Some compact linear-motor actuators also include sliders with built-in lubrication pads for environmentally friendly lubrication. Here, the runner-block ends sport hermetically sealed grease injectors to deliver raceway lubrication via steel ball circulation. In some cases, optional lubrication pads add lubrication for long-term operation with less maintenance, especially on axes that make short strokes.

Ironless linear motors inside some actuators also exhibit no cogging, so the axis can make stable moves when moving slowly or quickly. With some designs, repeatability with an optical linear encoder is 2 mm. Some actuators are even available in strokes from 152 to 1,490 mm with straightness from 6 to 30 mm.

Special example: Cleanroom applications
One last option particularly suitable for applications with short strokes and high cycle rates are linear-motor actuators in which the moving parts are the magnets and rail. Here, there aren’t issues with moving cables causing disconnections. Nor are there problems with dusty environments. In fact, the actuators work well in vacuum environments and cleanrooms. That’s because the coils are fixed, so heat easily dissipates to mounting structures. Some such linear-motor actuators output continuous force to 94.2 or 188.3 N and peak force to 242.1 or 484.2 N — accepting continuous current of 3.5, 7, or 14 A depending on the version. Strokes reach 430 mm.
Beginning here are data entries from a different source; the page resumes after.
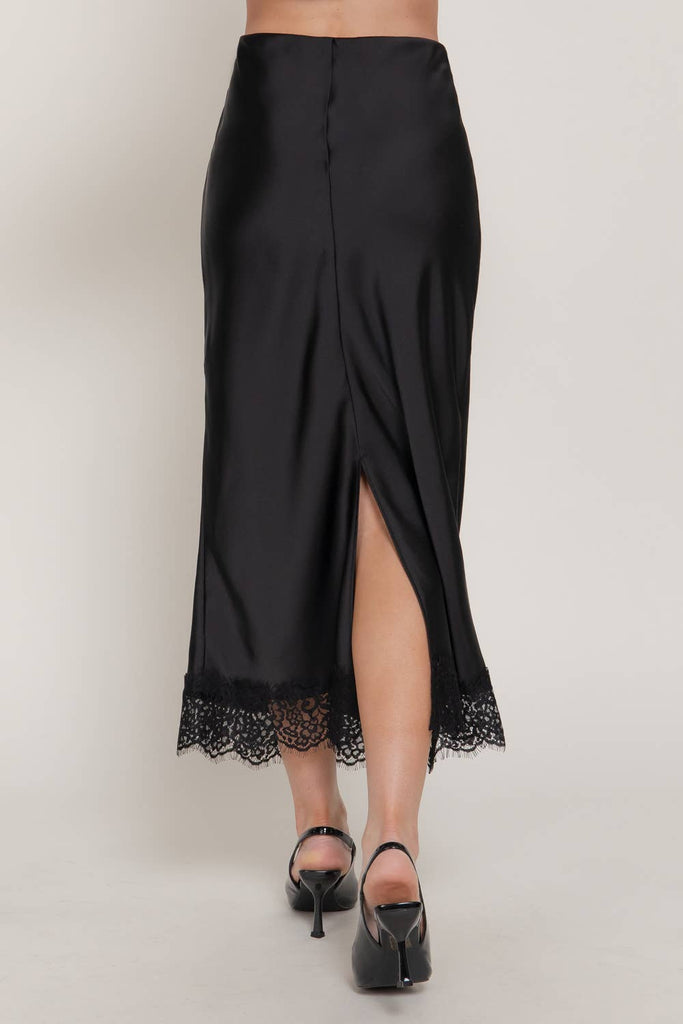 Black Satin and Lace Slip Skirt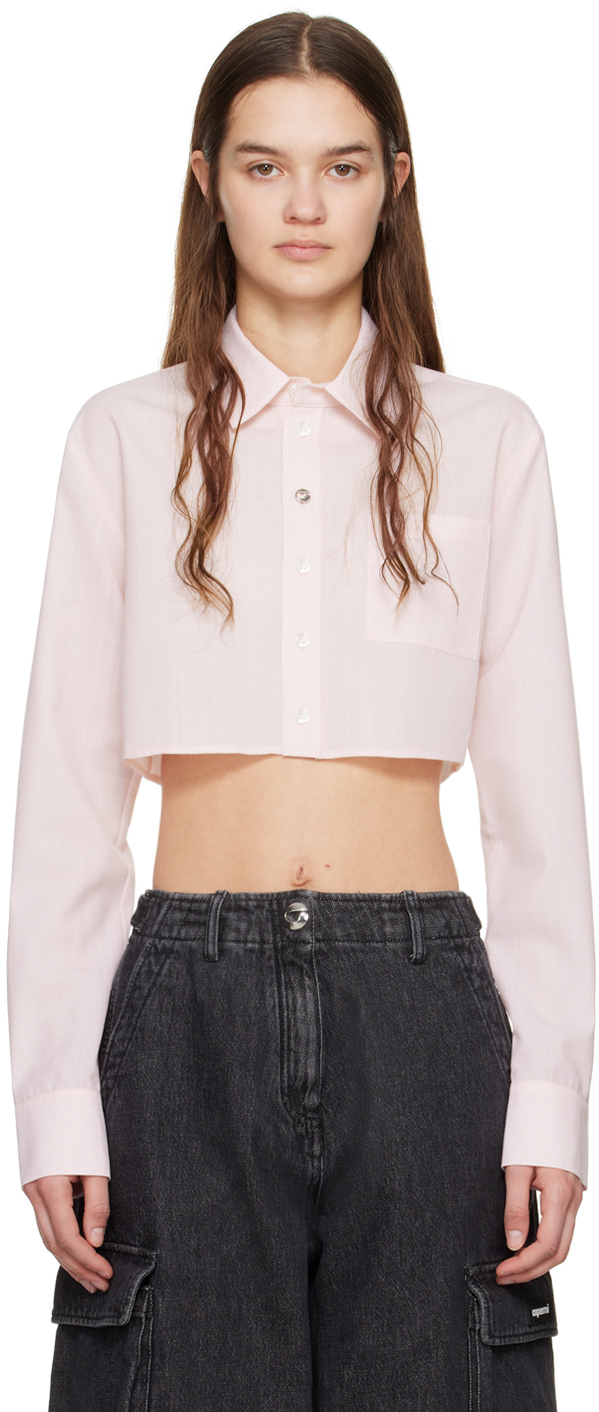 Pink Cropped Shirt by Coperni on Sale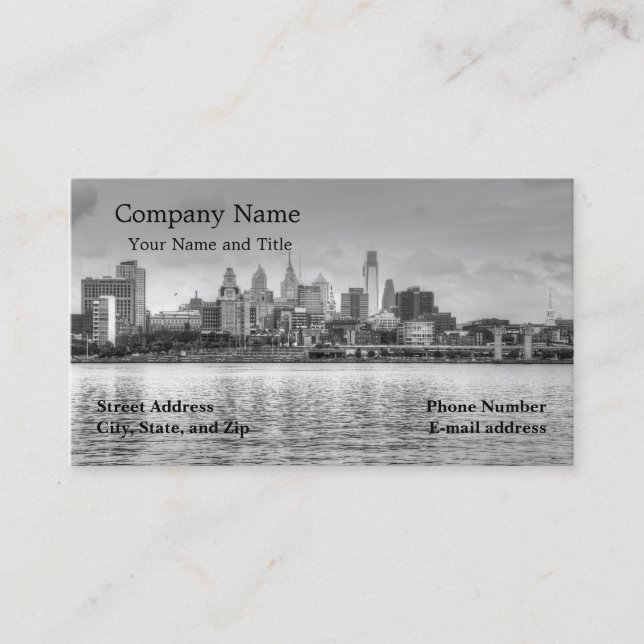 Carte De Visite Horizon de Philadelphie en noir et blanc (Devant)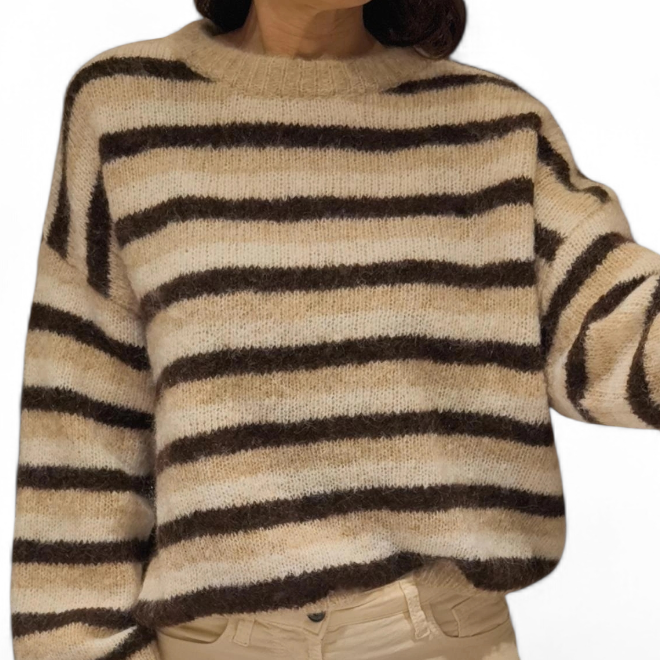 Pullover Curmayer, azzurro/beige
Parameters to specify linear-motor stages
When specifying actuators or stages based on linear motors, consider the following criteria for each portion of the design’s motion profile:

• What is the known motion condition?
• What is the load’s mass, system mass, effective stroke, moving time, and dwell time?
• What’s the drive condition, maximum output voltage, continuous and peak current?
• What kind of encoder resolution does the setup need? Should it be analog or digital?
• Into what kind of working environment will the actuator or stage work? What will be the room temperature? Will the machine be subject to vacuum or clean room conditions?
• What are the application’s requirements for motion precision and positioning accuracy?
• Will the linear-motor actuator or stage move loads horizontally, vertically, or at an angle? Will the setup mount to a wall? Is it subject to space constraints?

Answering these questions will help design engineers identify the most appropriate linear-motor iteration for a given piece of machinery.